From coaching entrepreneurs in my little town to observing one my personal heroes die with grace and dignity, I’ve learned that it preparing for success is far more interesting and productive than predicting failure. [more]
“Whether you think you can, or you think you can’t, you’re right.”
That’s the inscription on a paperweight I like to gift at graduations.
That thought occurred to me while working with our incubator businesses in a workshop last week. The work we do is a pilot on a street in my home town of Ashtabula, Ohio. The town has been devastated – long before the recession – by industrial flight.
But what we do have is Lake Erie and many other physical gifts which bring lots of visitors in the summertime.

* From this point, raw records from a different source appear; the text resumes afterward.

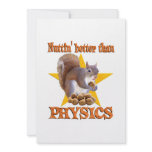 Physics Squirrel Invitation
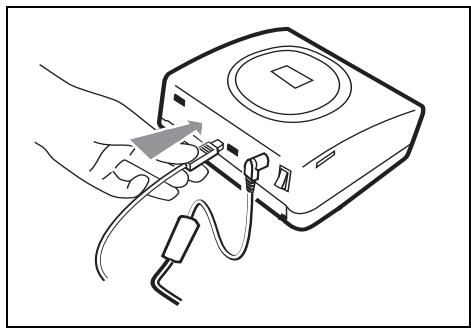 SAGEM EASY 160 - DE PRINTER AANSLUITEN - 1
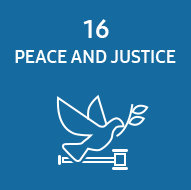 Imagen representativa del ODS Paz y justicia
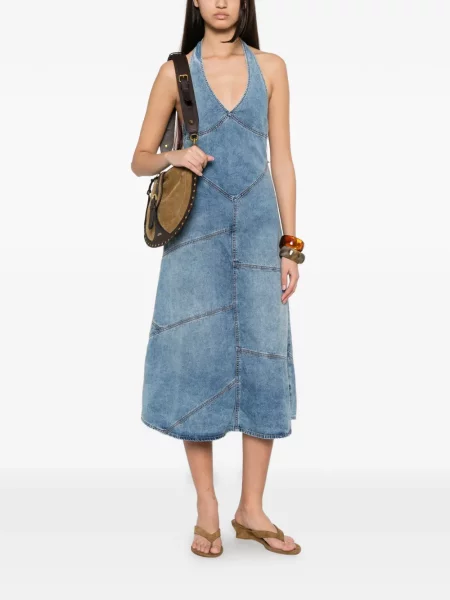 Rochie din denim Eb Denim albastru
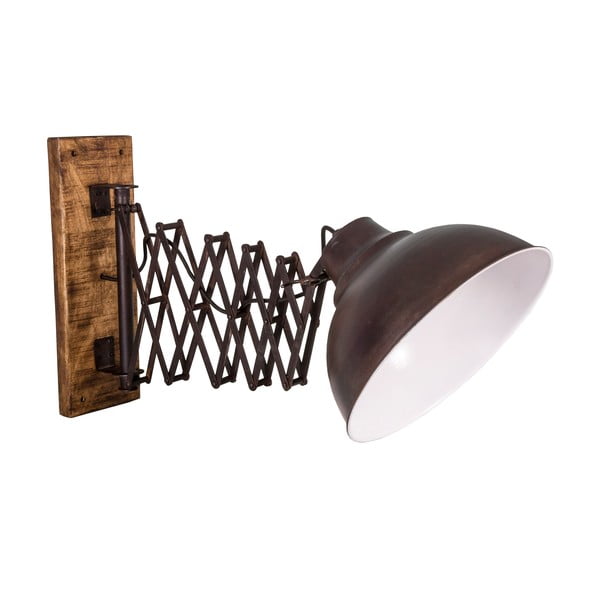 Podesiva zidna svjetiljka Antic Line Industrielle Extensible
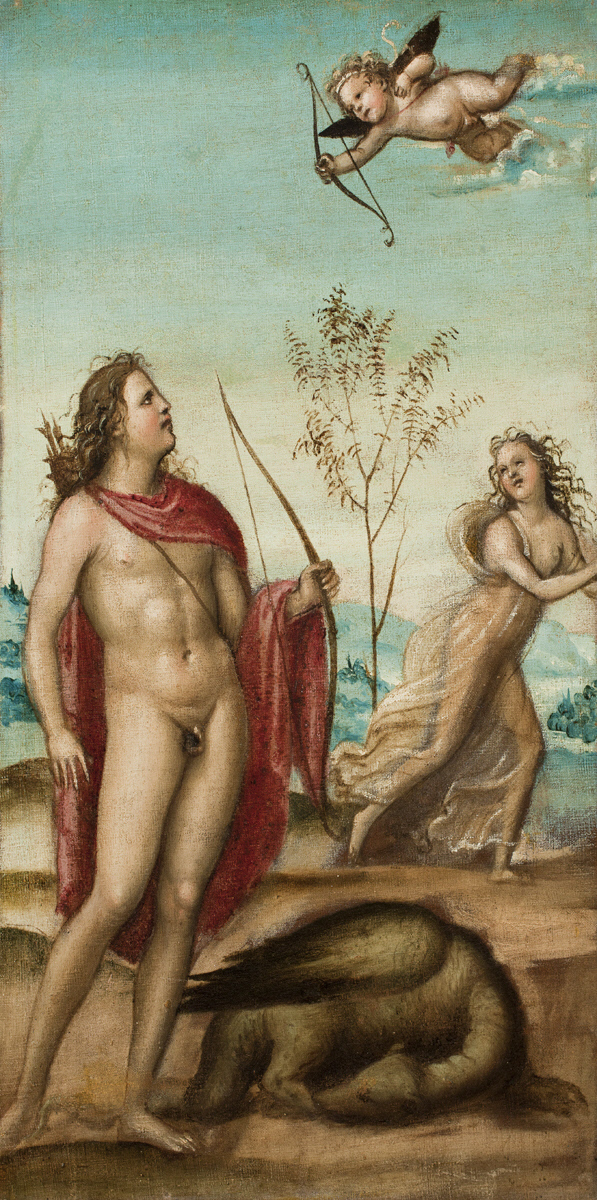 Sodoma - Apollo and Daphne, after 1500, 1925.120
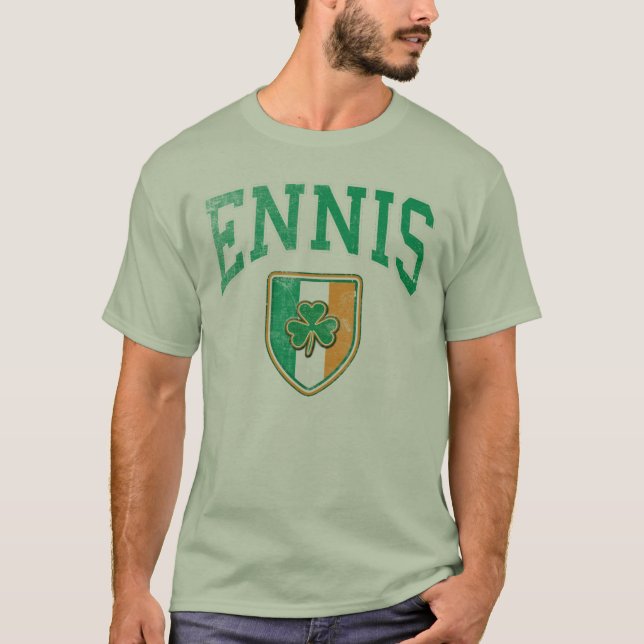 ENNIS Irland T-Shirt (Vorderseite)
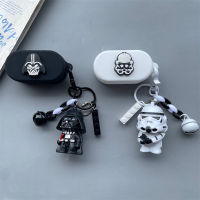 [ในสต็อก] Oneario-S Buds N Star-W Ars Anakin Skywalker ซิลิโคนหูฟังปกไร้สายบลูทูธหูฟังเคสสีดำและสีขาวการ์ตูนซิลิโคนกันกระแทกนิ่ม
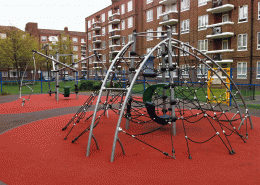 Active landscapes playground equipment General Pic 3 contemporary metal multi units central london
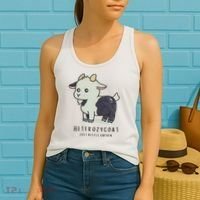 Heterozygoats Just Allele Uneven Funny Genetics Women's Tank Top thumb 2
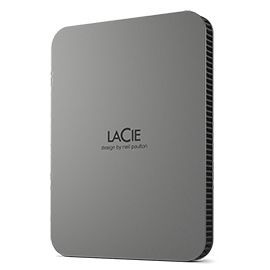 Image of 4TB LACIE MOBILE DRIVE SECURE USB 3.1-C SPACE GREY 074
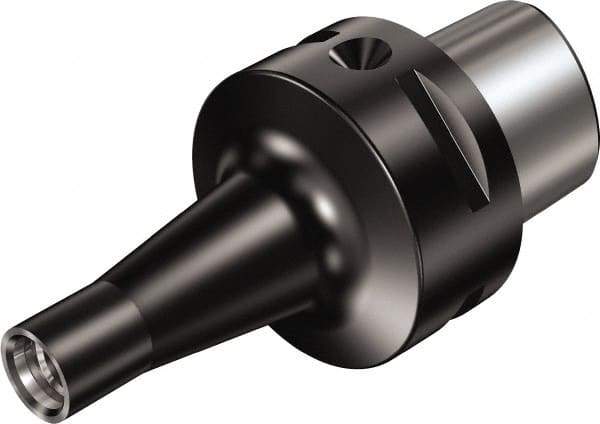 Sandvik Coromant - C4 Taper Shank 15.4mm Hole End Mill Holder/Adapter - 15.4mm Nose Diam, 71mm Projection, Through-Spindle & Through-Bore Coolant - Exact Industrial Supply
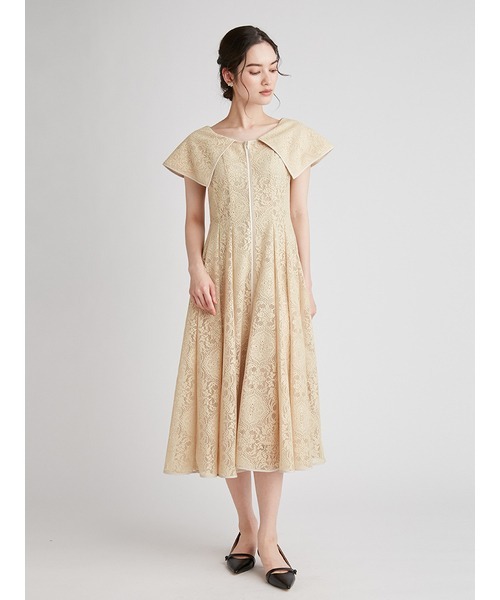 CELFORD（セルフォード） ノースリーブワンピース 38 イエロー
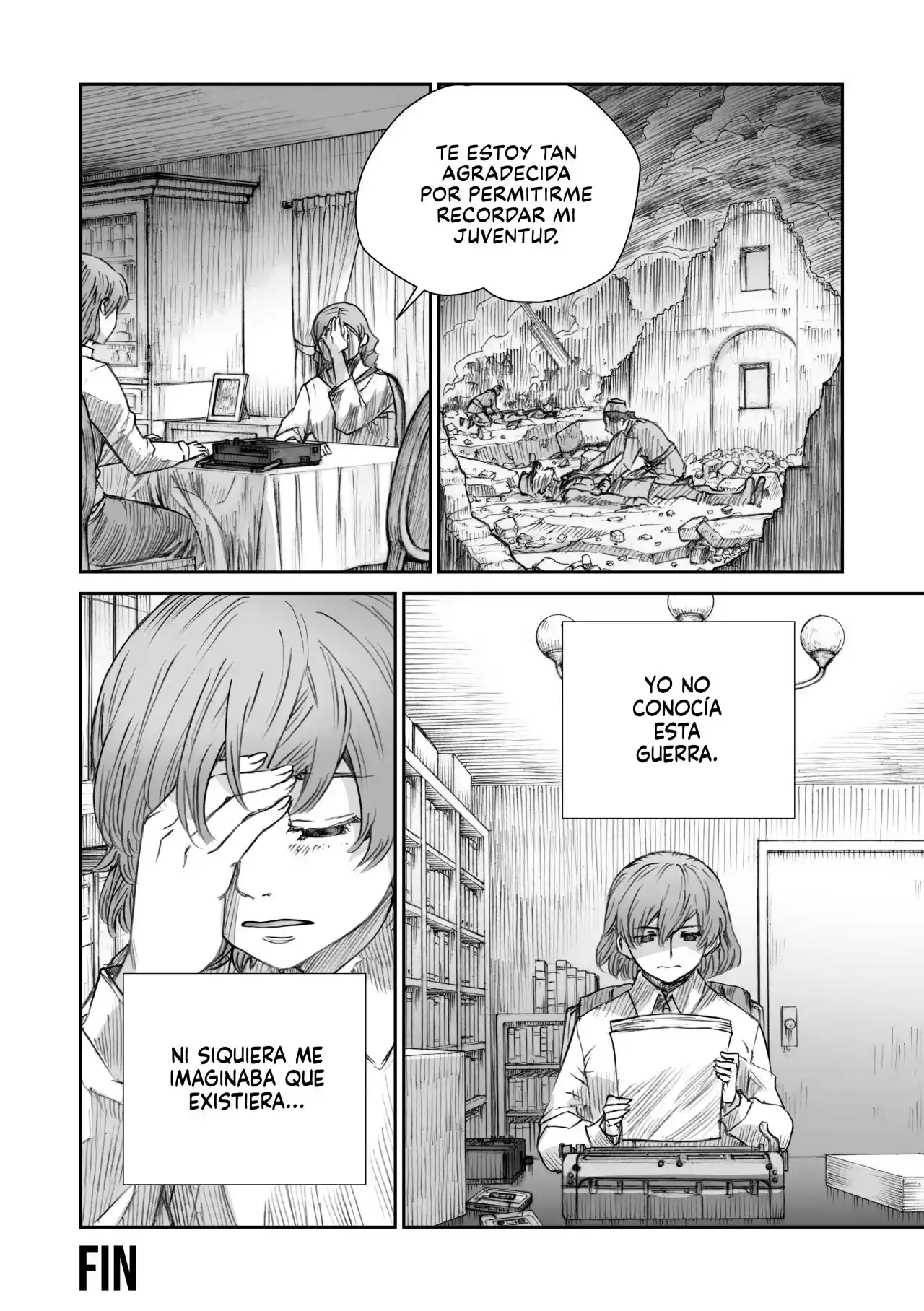 LA GUERRA NO TIENE ROSTRO DE MUJER - Capítulo 31 - Página 12 - LectorTMOo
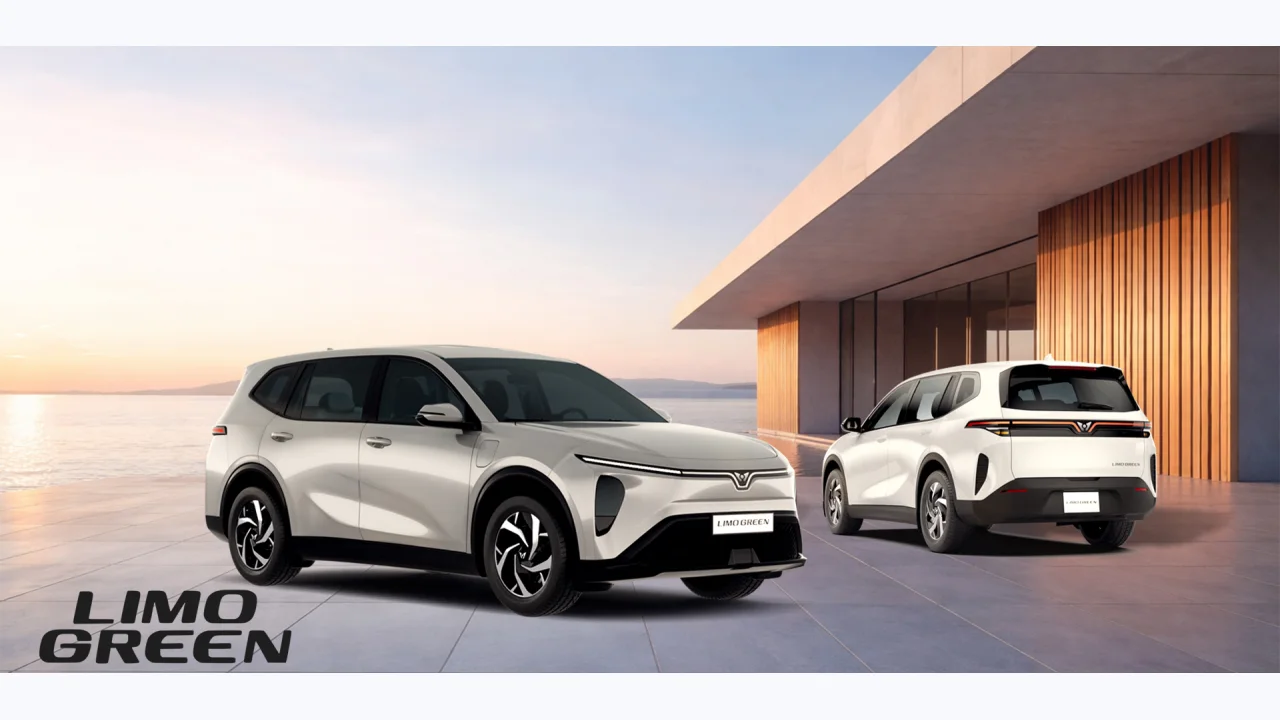 VinFast Limo Green - hình ảnh thực tế 1 tại Quảng Ngãi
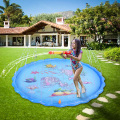 Upgraded 170 cm Splash Pad Sprinkler Play Mat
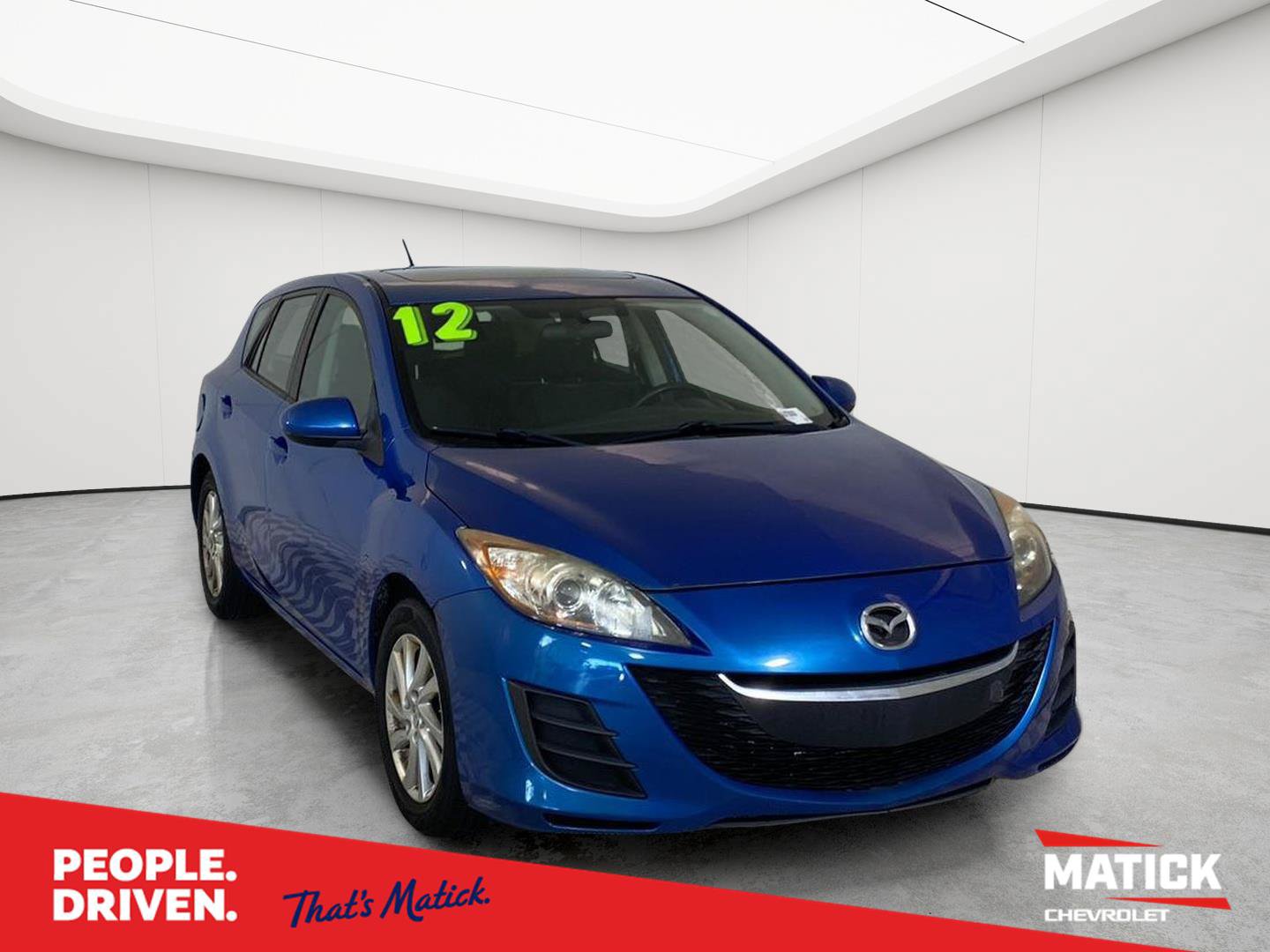 Used 2012 MAZDA MAZDA3 i Touring FWD image 1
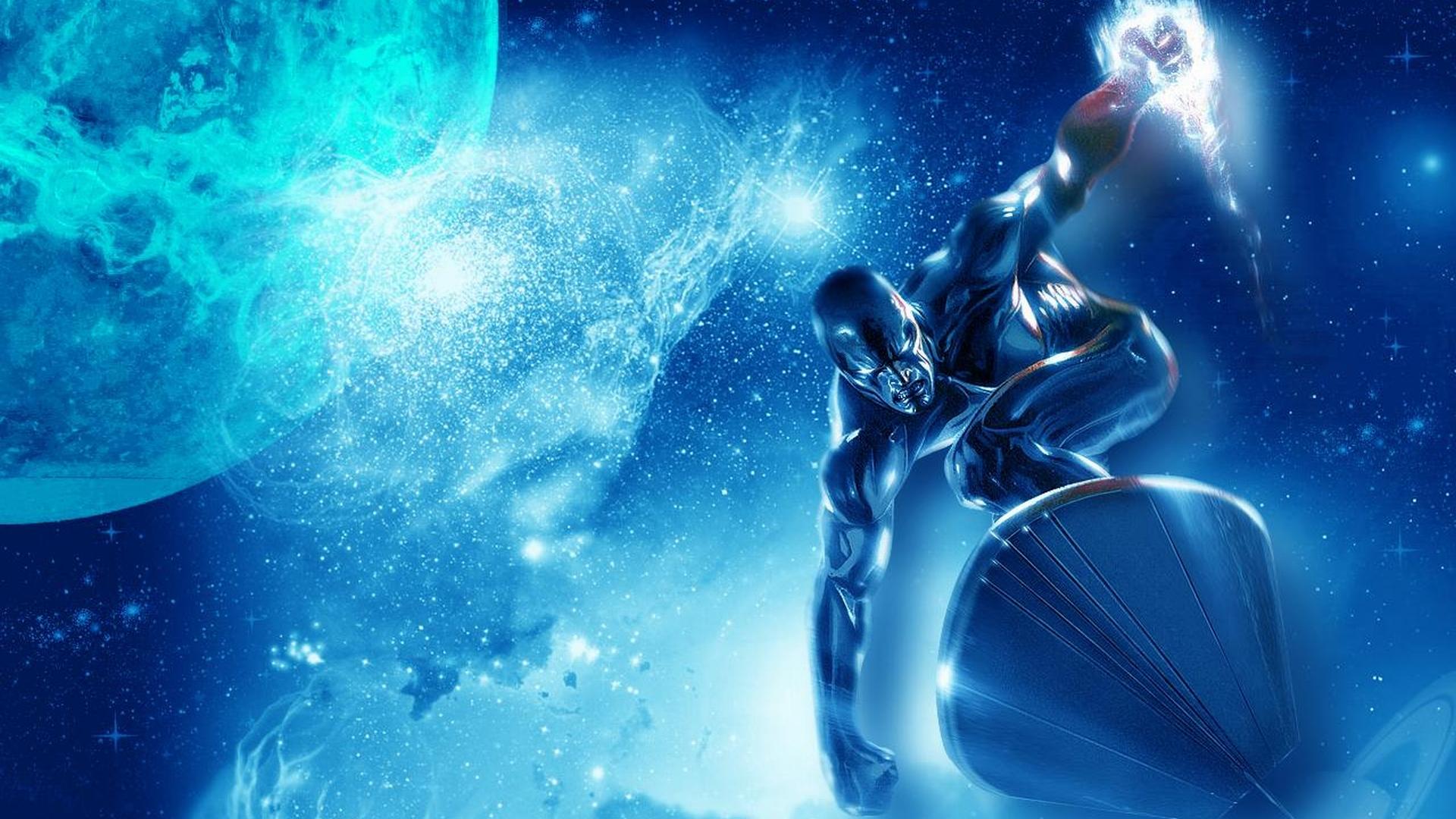 1920x1080 Silver Surfer HD Wallpaper and Background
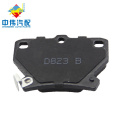 GDB3243 factory wholesales advanced brake pads set with wear indicator brake pad set for TOYOTA Matrix XR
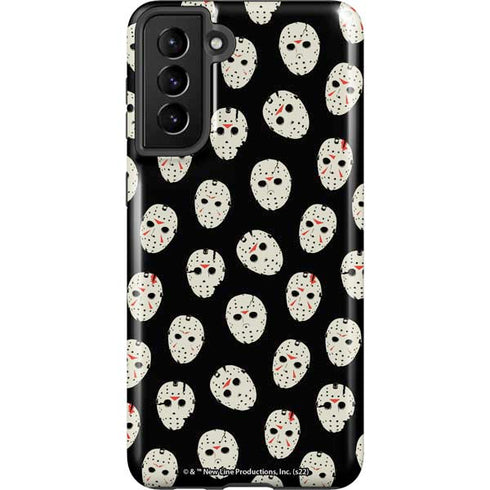 Warner Bros Friday the 13th Jason Voorhees Pattern Galaxy S21 FE Pro Case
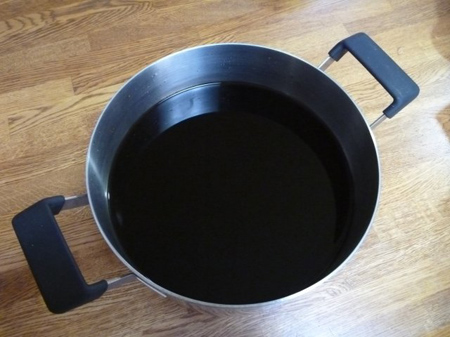 蕎麦汁作り2014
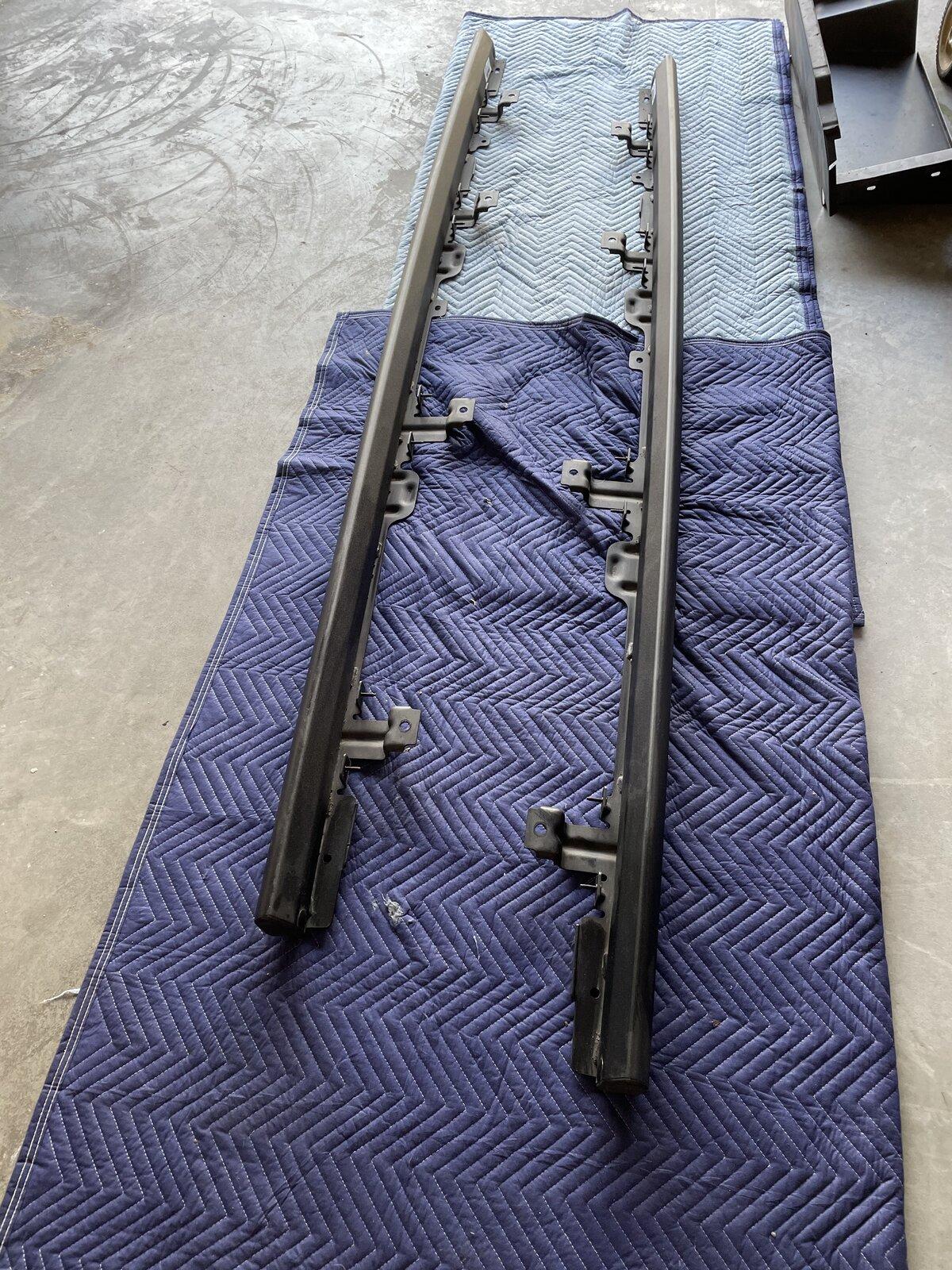 Jeep Gladiator Mojave rails 62E768FA-E35F-4324-B582-14A3D49C7301
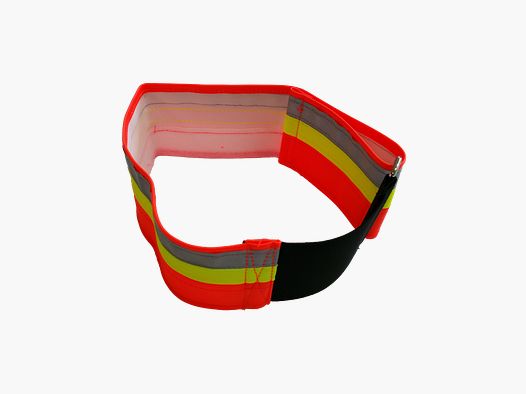 HUNDE SIGNALBAND ORANGE 30-45 CM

A year ago, when our work began on Bridge Street, I asked our retailers what they do during the winter months. They said, “We simply die down here – there’s no one on the street when the snow flies”.
Their prediction was certainly correct – and obvious – and so I suggested that instead of just predicting, let’s start preparing for the winter of 2010.
Fast forward to last Monday when I asked each business in attendance to tell the group what they were doing to survive the next 90 days.
A couple of the gift shops said, “We’re taking our work to shows.”
Another gift shop said, “We’ve established a website to sell our handmade work”.
A restaurant said, “We’ve developed our catering leads.”
The coffee shop said, “We’re selling our wholesale beans (they bought a roaster) to the restaurant and office trade this winter.”
See, the way I view things, anyone can predict the obvious. Fewer prepare, especially if the prediction is negative.
In 1988, when I was out of work and considering opening a consulting firm, there was no shortage of friends who could tell me that 9 of 10 new businesses – particularly consulting businesses – fail. Like the paperweight says, they thought I couldn’t.
But I decided to prepare, pretending that I could.
So I prepared for the worst. That is, Alice and I knew exactly what we’d do if we failed. But of course we also prepared, and worked our bums off for the less likely outcome of success.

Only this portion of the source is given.